问题
I have a JVM. where character set as "-Dfile.encoding=UTF-8" . This is how UTF-8 is set. I would want to set it to a non Unicode character set.
Is there an example/value for non unicode character set so that I can set to -Dfile.encoding=
?
回答1:
[ TLDR => Application encoding a confusing issue, but this document from Oracle should help. ]
First a few important general points about specifying the encoding by setting the System Property file.encoding
at run time:
It's use is not formally supported, and never has been. From a Java Bug Report in 1998:
The "file.encoding" property is not required by the J2SE platform specification; it's an internal detail of Sun's implementations and should not be examined or modified by user code. It's also intended to be read-only; it's technically impossible to support the setting of this property to arbitrary values on the command line or at any other time during program execution.
There is a draft JEP (JDK Enhancement Proposal), JDK-8187041 Use UTF-8 as default Charset, which proposes:
Use UTF-8 as the Java virtual machine's default charset so that APIs that depend on the default charset behave consistently across all platforms.
It doesn't necessarily make sense to claim that "This application uses encoding {x}" since there may be multiple encodings associated with an application, which can be addressed in different ways, including:
- The file encoding for console output.
- The file encoding of the application's source files.

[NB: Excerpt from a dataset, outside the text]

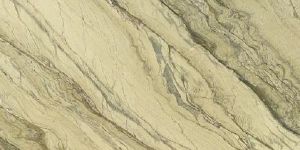 Katni Marble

- The file encoding(s) for file I/O.
- The file encoding of file paths.
All that said, Oracle specify all encodings supported by Java SE 8. I can't find a corresponding document for more recent JDK versions. Note that:
- Encodings can be environment specific, based on locale, operating system, Java version, etc.

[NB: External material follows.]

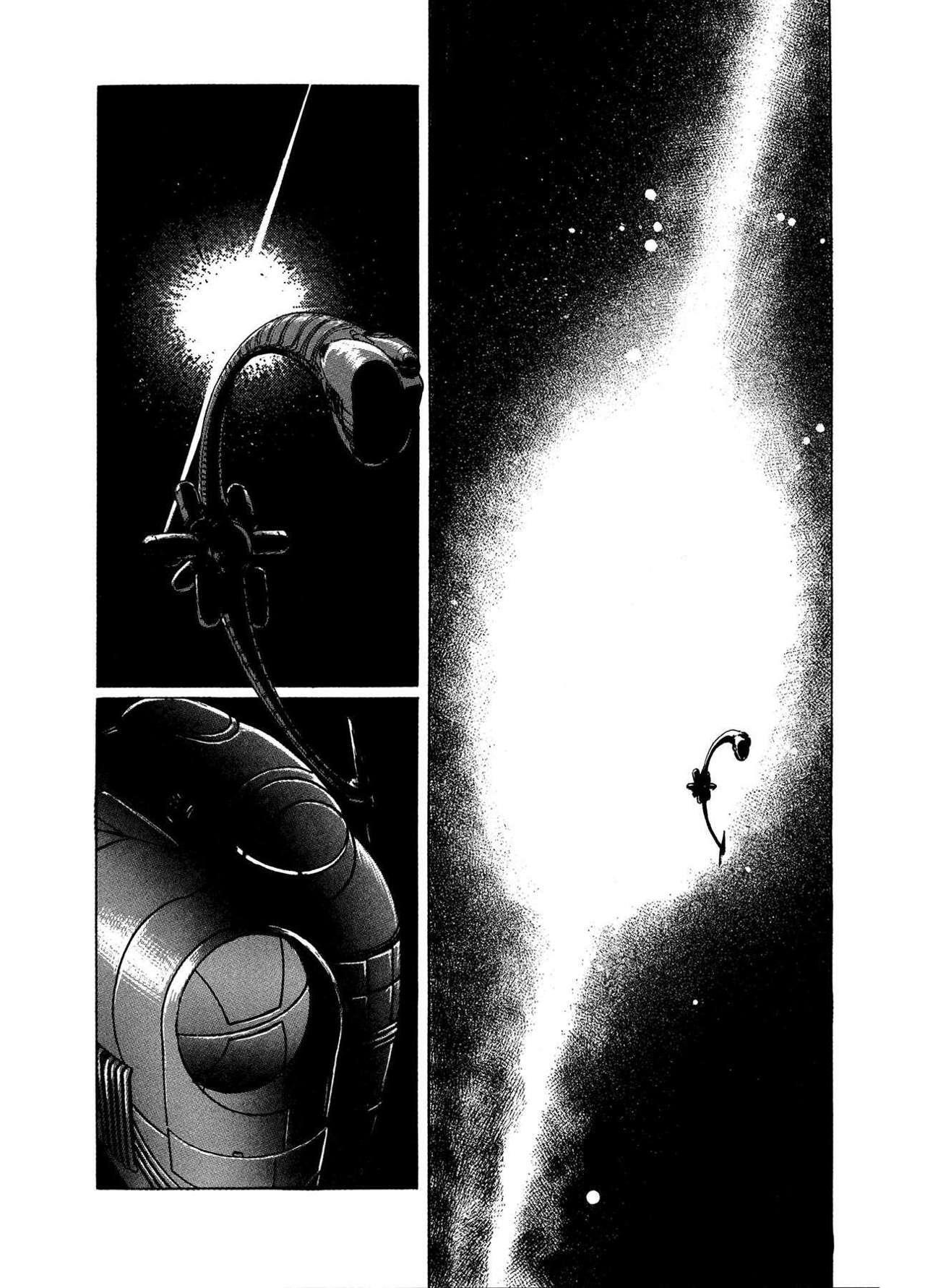 Capitulo 4 page 8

- Almost every encoding has at least one alias. For example, the encoding name for simplified Chinese is GBK, but you could also use CP936 or windows-936.
- Most encoding are non Unicode since Unicode encoding names contain the string "UTF".
- An encoding name can vary depending on how the application is processing files (
java.nio
APIs vs.java.io
/java.lang
APIs.). For example, if performing some I/O on Turkish files on Windows:- If the
java.nio.*
classes are used, specify -Dfile.encoding=windows-1254 at runtime. - If the
java.lang.*
&java.io.*
classes are used, specify -Dfile.encoding=Cp1254 at runtime.
- If the
This DZone article provides a useful piece of code to show how setting -Dfile.encoding at runtime can impact various settings:
import java.io.ByteArrayInputStream;
import java.io.InputStream;
import java.io.InputStreamReader;
import java.nio.charset.Charset;
import java.util.Locale;
import static java.lang.System.out;
/**
* Demonstrate default Charset-related details.
*/
public class CharsetDemo
{
/**
* Supplies the default encoding without using Charset.defaultCharset()
* and without accessing System.getProperty("file.encoding").
*
* @return Default encoding (default charset).
*/
public static String getEncoding()
{
final byte [] bytes = {'D'};
final InputStream inputStream = new ByteArrayInputStream(bytes);
final InputStreamReader reader = new InputStreamReader(inputStream);
final String encoding = reader.getEncoding();
return encoding;
}
public static void main(final String[] arguments)
{
out.println("Default Locale: " + Locale.getDefault());
out.println("Default Charset: " + Charset.defaultCharset());
out.println("file.encoding; " + System.getProperty("file.encoding"));
out.println("sun.jnu.encoding: " + System.getProperty("sun.jnu.encoding"));
out.println("Default Encoding: " + getEncoding());
}
}
Here's some sample output when specifying -Dfile.encoding=860 (an alias for MS-DOS Portuguese) using Java 12 on Windows 10:
run:
Default Locale: en_US
Default Charset: IBM860
file.encoding: 860
sun.jnu.encoding: Cp1252
Default Encoding: Cp860
BUILD SUCCESSFUL (total time: 0 seconds)
Test the encoding you plan to specify at run time on all target platforms. You may get unexpected results. For example, when I run the code above on Windows 10 with -Dfile.encoding=IBM864 (PC Arabic) it works, but fails with -Dfile.encoding=IBM420 (IBM Arabic).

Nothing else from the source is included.